In Turkey, a Year of Attacks and Trials
Friday, January 19, 2007; 4:27 PM
-- _ Jan. 19, 2007: Hrant Dink, editor of the Turkish-Armenian newspaper Agos, is slain by a gunman in Istanbul.
_ Dec. 19, 2006: Writer Ipek Calislar acquitted of insulting Turkey's founder, Mustafa Kemal Ataturk, in a biography in which she said Ataturk dressed as a woman to escape an assassination attempt.
_ Nov. 1, 2006: Archaeologist Ilmiye Cig acquitted of inciting religious hatred by claiming that Islamic-style head scarves were first used more than 5,000 years ago by priestesses initiating young men into sex.
_ Sept. 21, 2006: Author Elif Safak acquitted of "insulting Turkishness" for her fictional characters' statements about the killings of Armenians.
_ July 27, 2006: Writer and journalist Perihan Magden acquitted of turning people against military service by defending a conscientious objector in her weekly magazine column.
_ July 11, 2006: A court confirmed a six-month sentence imposed on Dink for "attempting to influence the judiciary" after his newspaper ran articles criticizing a law that makes it a crime to "insult Turkishness."

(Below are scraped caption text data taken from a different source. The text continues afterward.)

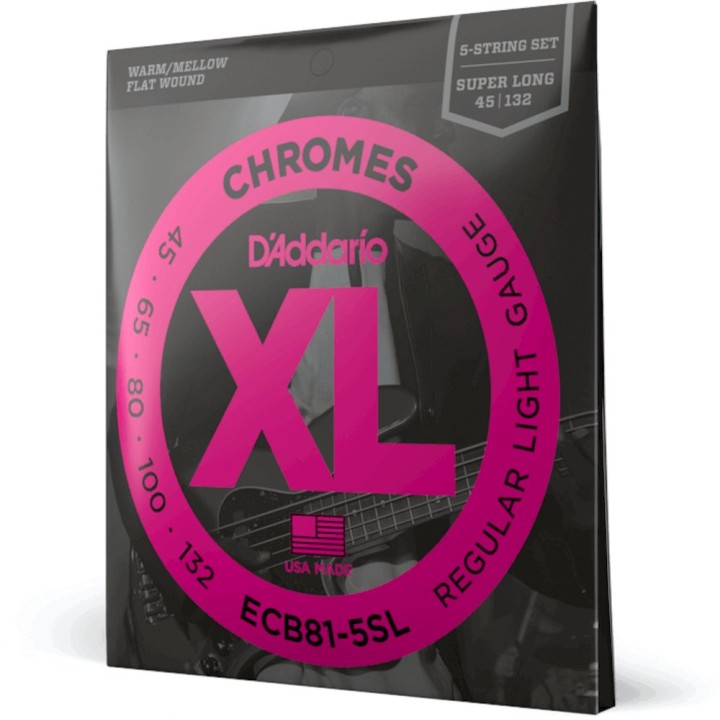 D'Addario - ECB81-5SL Corde per Basso 5 Corde, Chromes, Light, Super Long Scale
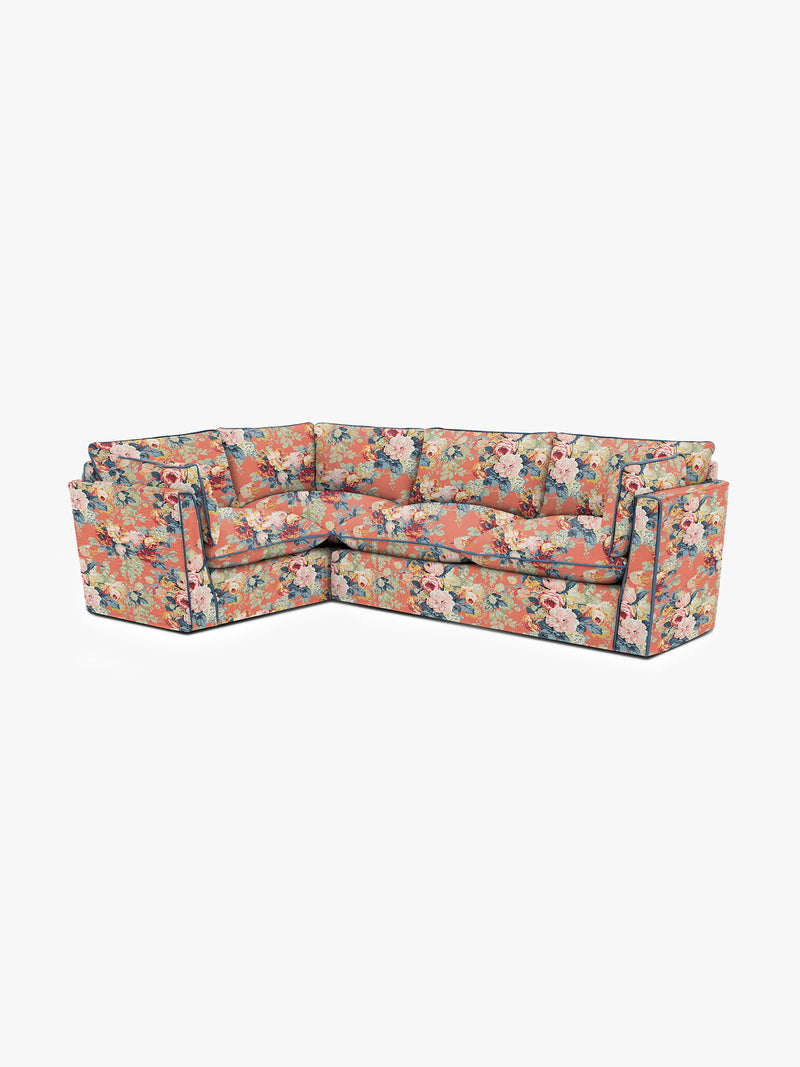 Cocobella RH 2 x 3 seater sofa in English Garden Coral Orange with Lagoon Velvet Trim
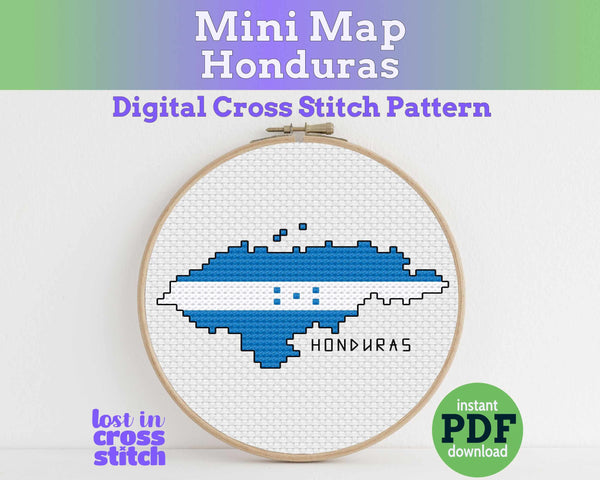 Honduras Cross Stitch Pattern: Tiny Flag Map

_ Feb. 7, 2006: A trial adjourned for five prominent Turkish journalists charged with insulting the country's courts by criticizing the court-ordered closure of an academic conference on the Armenian issue. Two nationalist lawyers are removed after a fight breaks out in the courtroom.
_ Jan. 23, 2006: A court drops charges of "insulting Turkishness" against author Orhan Pamuk on a technicality. Pamuk was charged after discussing the deaths of Armenians in Turkey with a Swiss newspaper. He won the Nobel Prize for literature later in the year.